(EXERCISE DATA)
◇ ◇ ◇ ◇ ◇

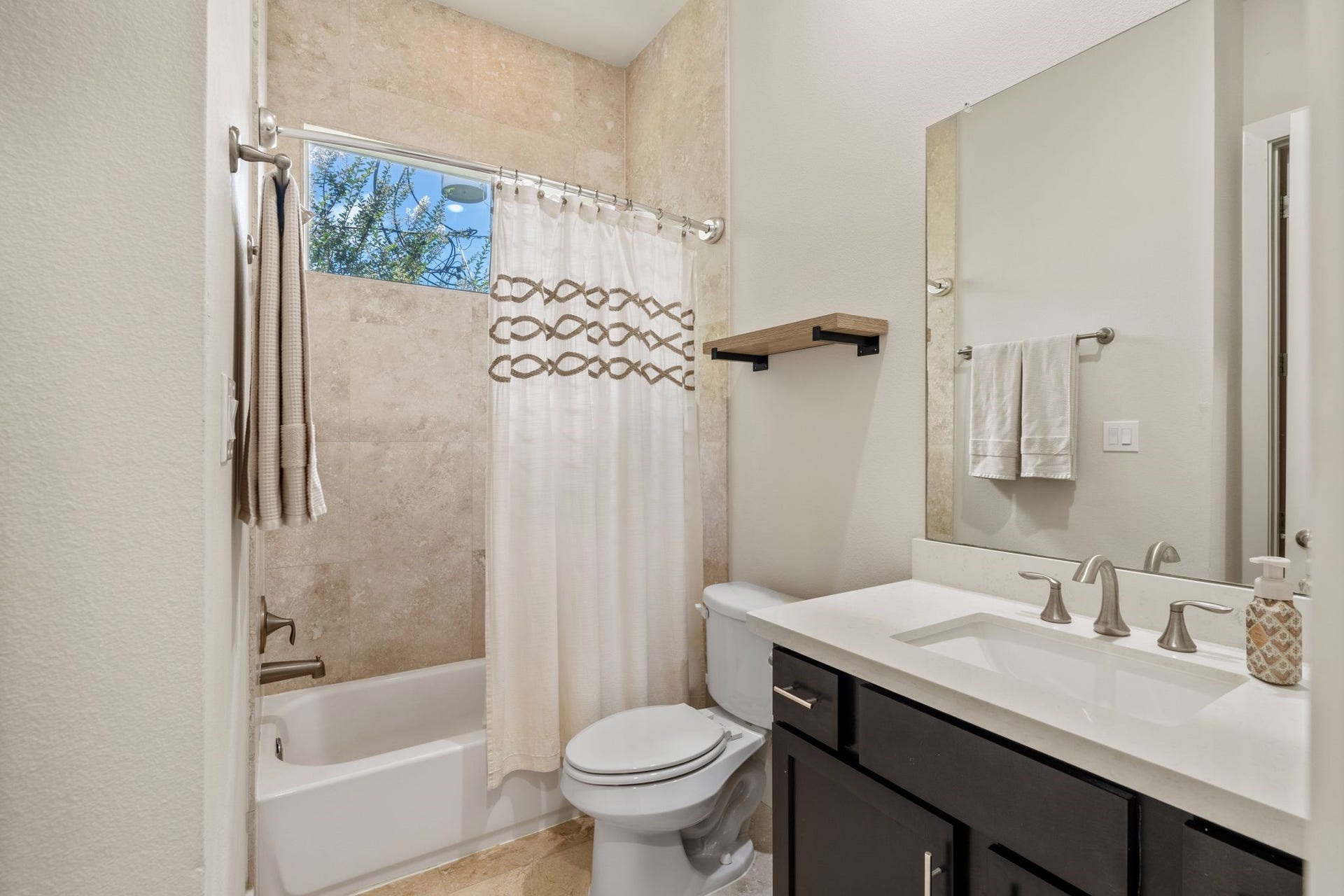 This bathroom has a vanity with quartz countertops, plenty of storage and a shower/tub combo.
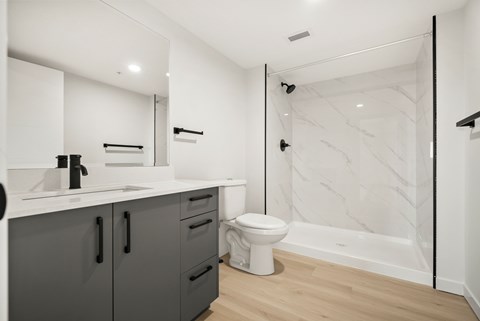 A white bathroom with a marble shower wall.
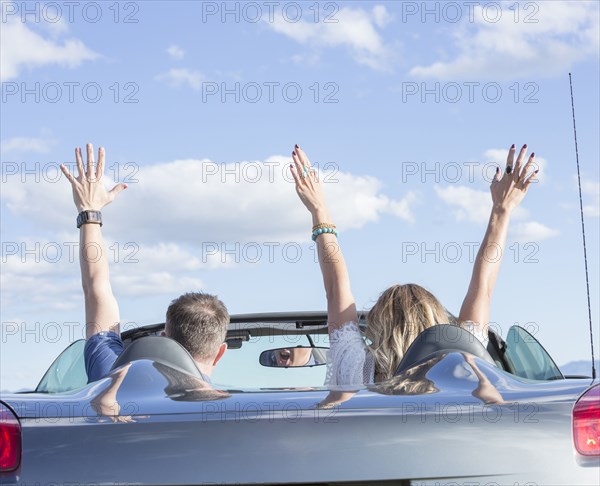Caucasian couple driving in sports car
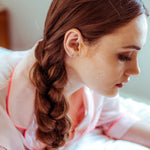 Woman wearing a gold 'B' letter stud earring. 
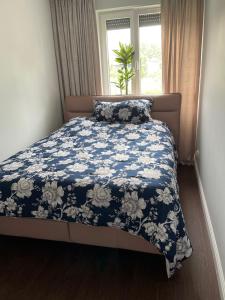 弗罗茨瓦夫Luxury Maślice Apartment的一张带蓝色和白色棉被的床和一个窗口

◇ ◇ ◇ ◇ ◇

(WORK TASK)
Once the pictures are set aside, repeat the data above exactly.

(RESPONSE TO THE TASK)
 This bathroom has a vanity with quartz countertops, plenty of storage and a shower/tub combo.
 A white bathroom with a marble shower wall.
Caucasian couple driving in sports car
 Woman wearing a gold 'B' letter stud earring. 
 弗罗茨瓦夫Luxury Maślice Apartment的一张带蓝色和白色棉被的床和一个窗口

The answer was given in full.